I play World of Warcraft. Oh, the shame. But I play it because I’m in a fun guild – we do science!. Well, actually they do science. I’m still at the ‘cleaning the glassware afterwards’ stage, but a tauren can dream..
Anyway, I code. It’s what I do. So once WoLK came out and half the guild went completely insane and started chasing the really silly achievements, it was clear we were going to need an RSS feed of the things. So I built one. It’s based on the Armory, like most WoW tools, and is a complete kludge, like most of my tools. But here are my notes anyway.
The trick to scraping the Armoury is pretending to be Firefox. If you visit as a normal web browser, they serve you a traditional HTML page with some Ajax, and it’s all quite normal and boring. If you visit the armoury in firefox they return an XML document with an XSL stylesheet referenced in the header that transforms the XML into a web page. Why are they doing this? It must be a huge amount of work compared to just serving HTML, I don’t get it. Let’s ignore that. Fake a firefox user agent, and you can fetch lovely XML documents that describe things! There’s no ‘guild achievement’ page, alas, so let’s start by fetching the page that lists the people in the guild. Using Python.
import urllib, urllib2
opener = urllib2.build_opener()
# Pretend to be firefox
opener.addheaders = [ ('user-agent', 'Mozilla/5.0 (Windows; U; Windows NT 5.0; en-GB; rv:18.104.22.168) Gecko/20070515 Firefox/22.214.171.124') ]
url = "http://eu.wowarmory.com/guild-info.xml?r=%s&n=%s&p=1"%( urllib.quote(realm,''), urllib.quote(guild,'') )
req = urllib2.Request(url)
data = opener.open(req)
(This is the EU armoury, because that’s where I am). The armoury is a really unreliable site, so in practice I put lots more error handling round this.
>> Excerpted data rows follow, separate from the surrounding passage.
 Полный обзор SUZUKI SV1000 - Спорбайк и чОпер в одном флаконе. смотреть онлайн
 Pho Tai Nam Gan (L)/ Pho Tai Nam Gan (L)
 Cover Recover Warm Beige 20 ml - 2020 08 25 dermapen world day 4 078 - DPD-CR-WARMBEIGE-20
But error handling makes for very hard-to-read example code. The XML looks like this:
<page globalSearch="1" lang="en_us" requestUrl="/guild-info.xml">
<guildKey factionId="1" name="unassigned variable" nameUrl="unassigned+variable" realm="Nordrassil" realmUrl="Nordrassil" url="r=Nordrassil&n=unassigned+variable"/>
<members filterField="" filterValue="" maxPage="1" memberCount="66" page="1" sortDir="a">
<character achPoints="2685" class="Hunter" classId="3" gender="Male" genderId="0" level="80" name="Munchausen" race="Tauren" raceId="6" rank="0" url="r=Nordrassil&n=Munchausen"/>
<character achPoints="1175" class="Paladin" classId="2" gender="Male" genderId="0" level="80" name="Jonadin" race="Blood Elf" raceId="10" rank="1" url="r=Nordrassil&n=Jonadin"/>
I parse XML using xmltramp, because I’m very lazy and it works. I use xmltramp for all my XML parsing needs. It’s old, and there might be something better, but I don’t really care. This is a toy.
xml = xmltramp.seed( data )
toons = xml['guildInfo']['guild']['members']['character':]
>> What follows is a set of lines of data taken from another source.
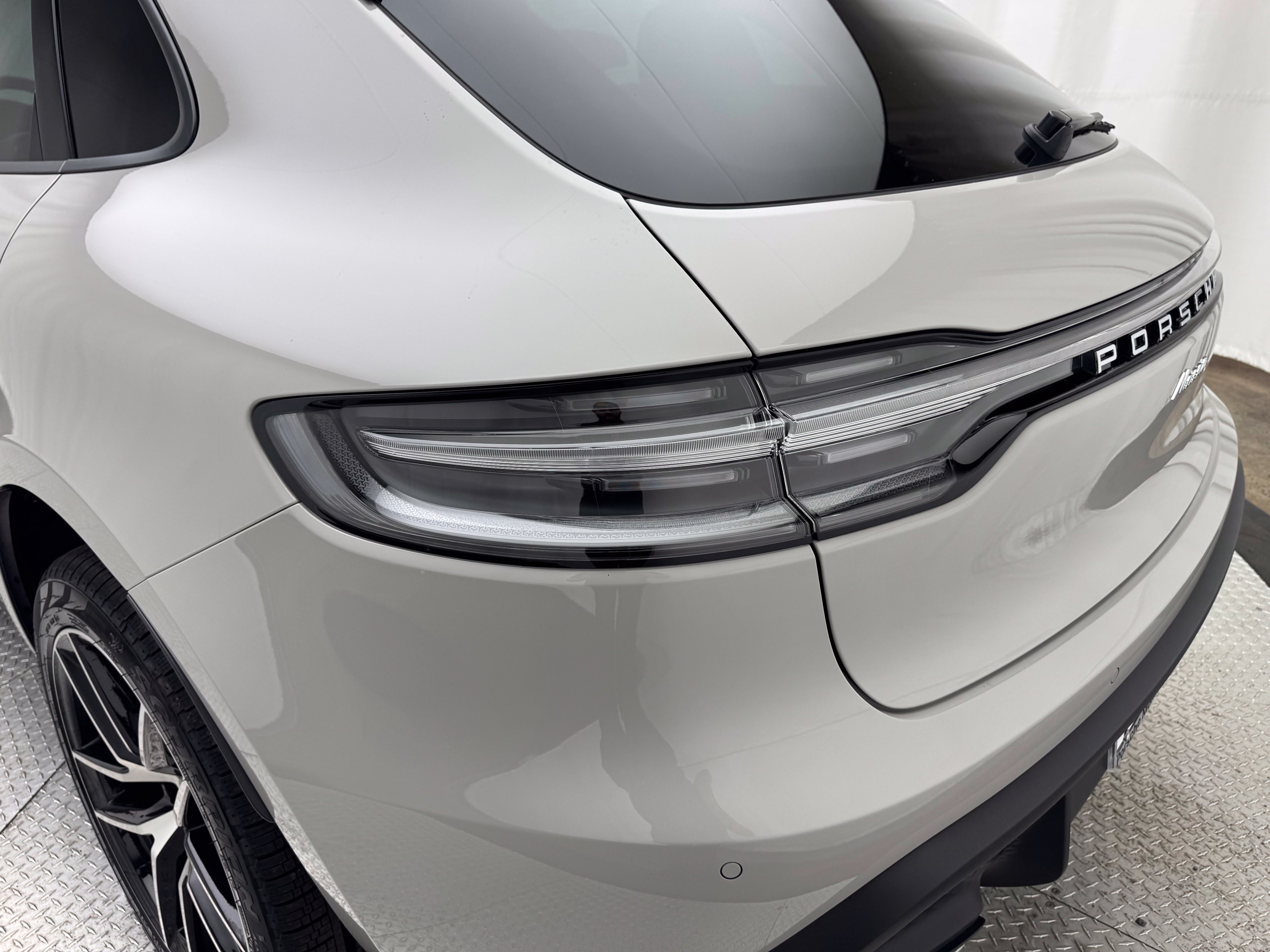 Thumbnail: 2026 Porsche Macan - 10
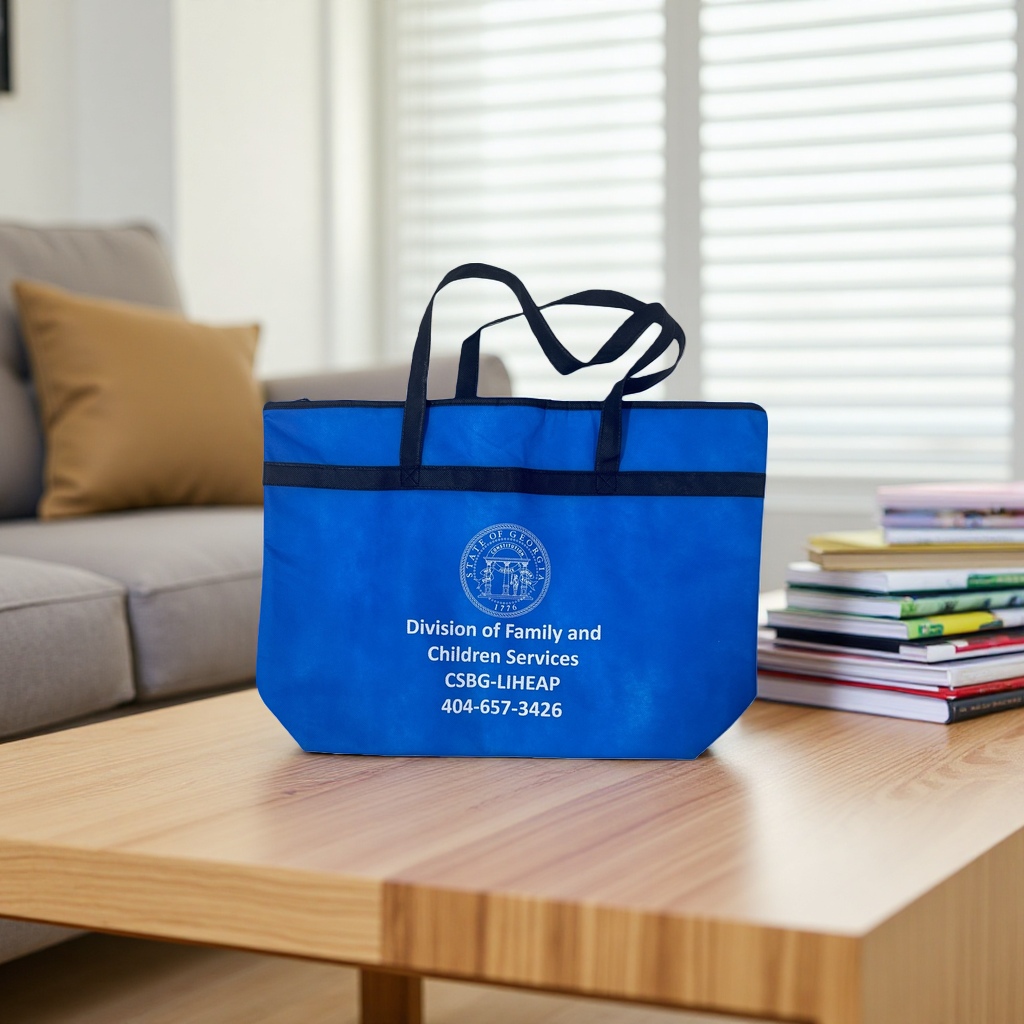 Blue handbag, large-capacity waterproof, foldable shopping bag, fashionable, simple and environmentally friendly fabric Application Scenario
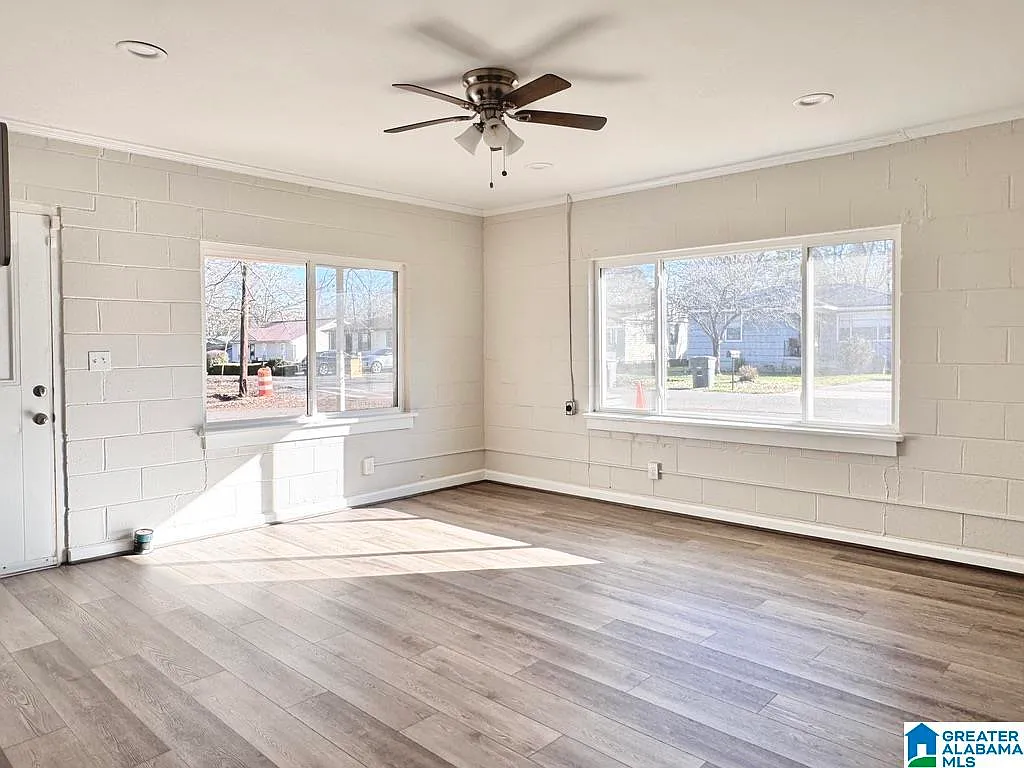 2 bed, 1.0 bath, $1,100 — Photo 3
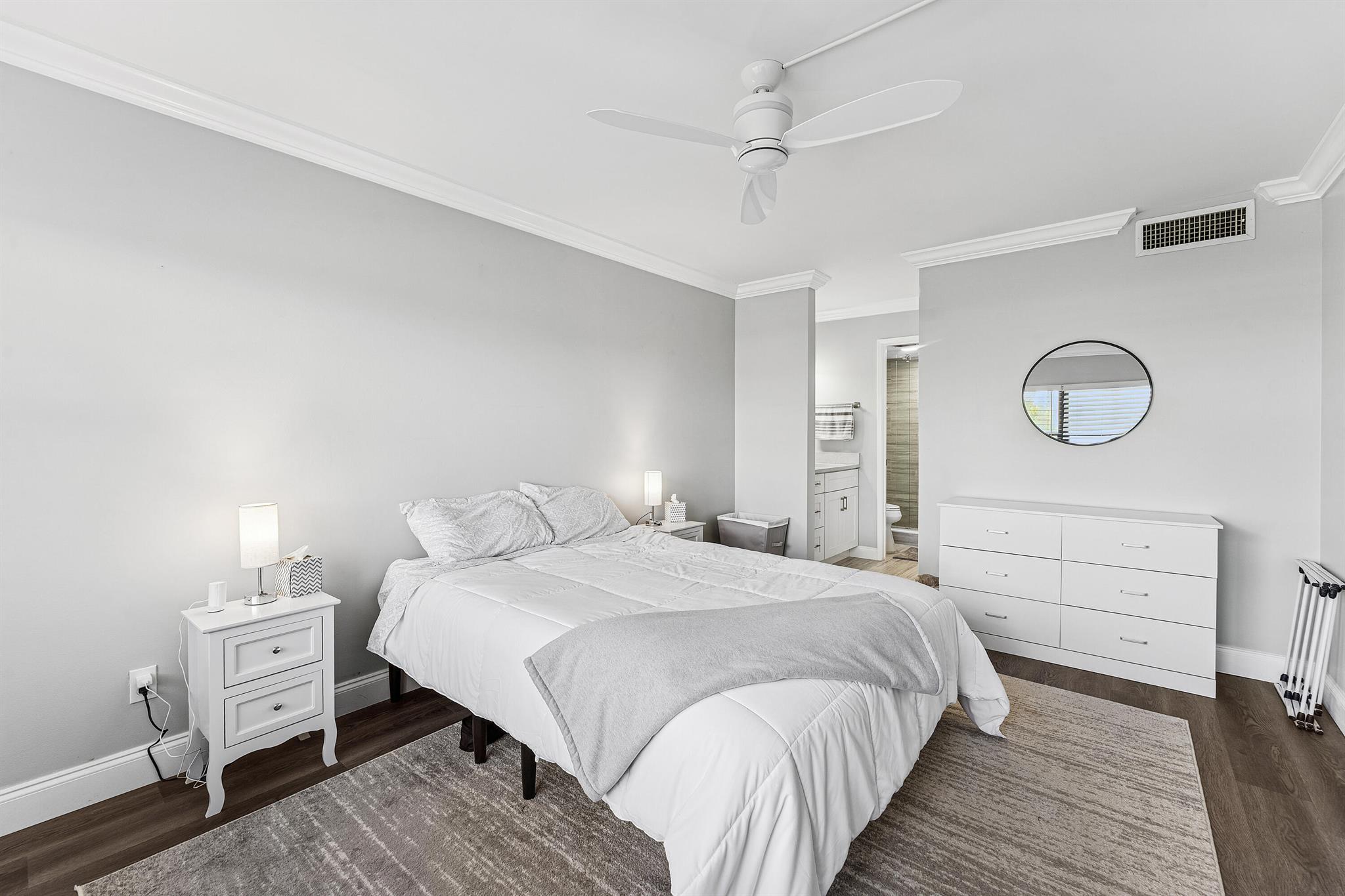 PINEWOOD CONDOS - Residential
That gets us a list of people in the guild. The rendered web page has pagination, but the underlying XML seems to have all characters in a single document, so no messing around fetching multiple pages here. (I’ve tried this on a guild of 350ish people. Maybe it paginates beyond that. Don’t use this script on a guild that big, it won’t make you happy.)
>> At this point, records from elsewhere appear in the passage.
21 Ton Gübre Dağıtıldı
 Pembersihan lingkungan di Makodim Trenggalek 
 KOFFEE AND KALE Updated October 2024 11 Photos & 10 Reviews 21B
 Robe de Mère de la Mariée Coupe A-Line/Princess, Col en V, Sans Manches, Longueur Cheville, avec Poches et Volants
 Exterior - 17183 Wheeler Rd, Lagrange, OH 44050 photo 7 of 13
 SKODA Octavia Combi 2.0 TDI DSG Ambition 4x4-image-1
Alas, the next thing we have to do is loop over every character and fetch their achievements page (that’s why you shouldn’t run this script over a large guild). This is extremely unpleasant and slow.
for character in toons:
char_url = "http://eu.wowarmory.com/character-achievements.xml?r=%s&n=%s"%( urllib.quote(realm,''), urllib.quote(character('name'),'') )
char_req = urllib2.Request(char_url)
char_data = opener.open(char_req)
char_xml = xmltramp.seed( char_data )
The achievement XML looks like this:
<achievement categoryId="168" dateCompleted="2009-02-08+01:00" desc="Defeat Shade of Eranikus." icon="inv_misc_coin_07" id="641" points="10" title="Sunken Temple"/>
<achievement categoryId="168" dateCompleted="2009-01-31+01:00" desc="Defeat the bosses in Gundrak." icon="achievement_dungeon_gundrak_normal" id="484" points="10" title="Gundrak"/>
<achievement categoryId="155" dateCompleted="2009-01-31+01:00" desc="Receive a Coin of Ancestry." icon="inv_misc_elvencoins" id="605" points="10" title="A Coin of Ancestry"/>
My biggest annoyance here is that there’s no timestamp on these things better than ‘day’, so you don’t get very good ordering when you combine them later. I could solve this by storing some state myself, remembering the first time I see each new entry, etc, etc, but I’m trying to avoid keeping any state here, so I don’t do that. The XML also lists only 5 achievements per character, and getting more involves fetching a lot more pages, so the final feed includes only the 5 most recent achievements per character. Again, something I could solve with local storage.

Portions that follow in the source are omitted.